--- EXERCISE ---
Quote the records below word for word, please, from the very first line through the one that contains "an empty living", and nothing beyond it.

--- DATA IN THIS EXERCISE ---
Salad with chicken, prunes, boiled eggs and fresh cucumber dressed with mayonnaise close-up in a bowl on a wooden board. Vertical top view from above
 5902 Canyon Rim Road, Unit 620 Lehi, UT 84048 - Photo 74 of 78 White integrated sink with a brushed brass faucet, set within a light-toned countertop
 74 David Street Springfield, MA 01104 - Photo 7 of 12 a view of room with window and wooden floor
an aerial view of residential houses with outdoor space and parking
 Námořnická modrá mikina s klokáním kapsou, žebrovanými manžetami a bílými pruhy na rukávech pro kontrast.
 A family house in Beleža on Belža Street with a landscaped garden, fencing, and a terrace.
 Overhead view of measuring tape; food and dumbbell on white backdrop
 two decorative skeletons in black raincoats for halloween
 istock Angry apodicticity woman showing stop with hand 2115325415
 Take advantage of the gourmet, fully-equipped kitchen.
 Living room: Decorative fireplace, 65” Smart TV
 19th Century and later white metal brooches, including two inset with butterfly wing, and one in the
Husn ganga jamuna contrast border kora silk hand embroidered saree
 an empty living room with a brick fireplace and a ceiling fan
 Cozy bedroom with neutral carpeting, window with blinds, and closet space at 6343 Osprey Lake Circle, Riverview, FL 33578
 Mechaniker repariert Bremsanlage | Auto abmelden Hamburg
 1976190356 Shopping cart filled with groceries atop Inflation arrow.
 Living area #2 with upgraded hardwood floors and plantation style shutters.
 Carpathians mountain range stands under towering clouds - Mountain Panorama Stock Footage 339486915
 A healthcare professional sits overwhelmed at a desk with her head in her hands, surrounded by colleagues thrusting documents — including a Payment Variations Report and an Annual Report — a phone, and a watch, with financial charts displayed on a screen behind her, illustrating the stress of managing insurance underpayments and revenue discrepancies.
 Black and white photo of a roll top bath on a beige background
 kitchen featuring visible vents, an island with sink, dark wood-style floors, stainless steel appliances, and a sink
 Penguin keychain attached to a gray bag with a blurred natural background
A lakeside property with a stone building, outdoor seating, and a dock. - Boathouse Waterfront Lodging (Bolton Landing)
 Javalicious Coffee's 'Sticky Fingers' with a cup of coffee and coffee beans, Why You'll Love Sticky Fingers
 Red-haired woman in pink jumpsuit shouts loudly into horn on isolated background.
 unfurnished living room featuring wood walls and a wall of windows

--- TASK RESULT ---
Salad with chicken, prunes, boiled eggs and fresh cucumber dressed with mayonnaise close-up in a bowl on a wooden board. Vertical top view from above
 5902 Canyon Rim Road, Unit 620 Lehi, UT 84048 - Photo 74 of 78 White integrated sink with a brushed brass faucet, set within a light-toned countertop
 74 David Street Springfield, MA 01104 - Photo 7 of 12 a view of room with window and wooden floor
an aerial view of residential houses with outdoor space and parking
 Námořnická modrá mikina s klokáním kapsou, žebrovanými manžetami a bílými pruhy na rukávech pro kontrast.
 A family house in Beleža on Belža Street with a landscaped garden, fencing, and a terrace.
 Overhead view of measuring tape; food and dumbbell on white backdrop
 two decorative skeletons in black raincoats for halloween
 istock Angry apodicticity woman showing stop with hand 2115325415
 Take advantage of the gourmet, fully-equipped kitchen.
 Living room: Decorative fireplace, 65” Smart TV
 19th Century and later white metal brooches, including two inset with butterfly wing, and one in the
Husn ganga jamuna contrast border kora silk hand embroidered saree
 an empty living room with a brick fireplace and a ceiling fan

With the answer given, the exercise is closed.